Venerdi, 15/09/2017 - Che la fantascienza a firma femminile, e femminista, si stia proponendo come un campo di elaborazioni teoriche e proposte espressive tra i più fertili, lo dimostra – una volta di più – "Quando nascesti tu, stella lucente" (L’Iguana editrice, Verona, pp. 398 €17), il romanzo con cui Nadia Tarantini, autrice di diversi libri inchiesta e di "Il risveglio del corpo" (Iacobelli), fa il suo debutto nella fiction.
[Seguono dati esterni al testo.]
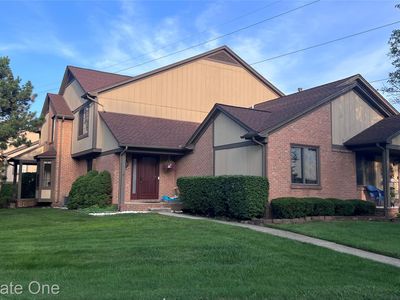 66 Meadow Wood Dr
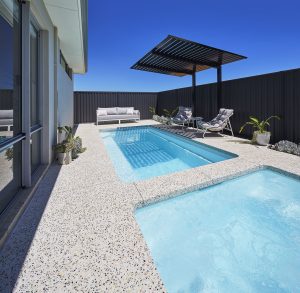 Sorrento_7-1m_x_2-8m_Alpine-White-Shimmer-lake-coogee_04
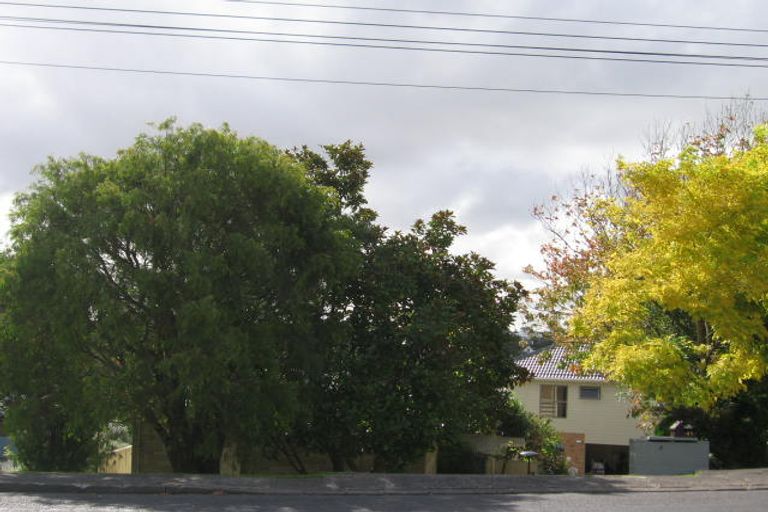 Photo of property in 2/4 Sunnynook Road, Sunnynook, Auckland, 0620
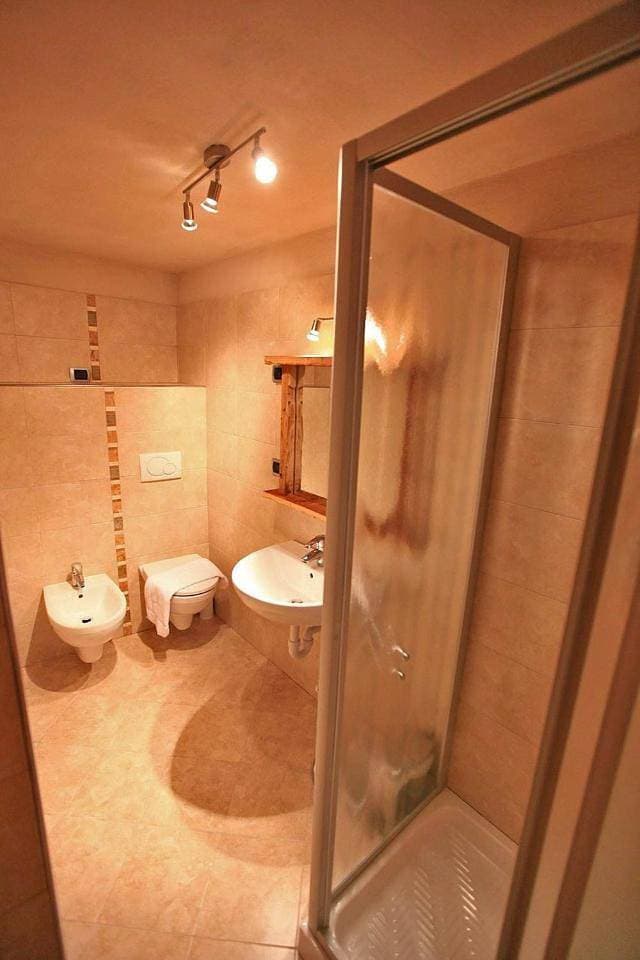 Foto 8 von 11: Double Room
Una storia complessa e affascinante ambientata nello spazio della Calotta dove vivono i sopravvissuti al Grande Disastro, durante l’anno 2346, anno decisivo per tutti i trentenni della Prima Generazione che, dopo diciassette vite trascorse tra un’ibernazione e un’altra, sono chiamati alla grande scelta. La viviamo in presa diretta, attraverso la figura della protagonista. Marcela è forte e tenace, capace di affrontare le sfide più impervie come atleta e soprattutto come donna, facendo i conti con la morte misteriosa del padre, l’abbandono materno che ancora la ferisce e un desiderio di procreare sistematicamente frustrato dal governo della Calotta; eppure, o forse proprio per questo, si mostra dubbiosa e riluttante di fronte alla sfida suprema, quella di rinunciare alla propria corporeità. Perché proprio di questo si tratta, per lei e per i suoi coetanei: diventare immortali, ma a prezzo di essere innestati in un cubo, abbandonando il corpo e la memoria. Sarebbe questa la loro diciottesima vita, ma potrebbe definirsi tale una vita senza le percezioni e le emozioni del corpo?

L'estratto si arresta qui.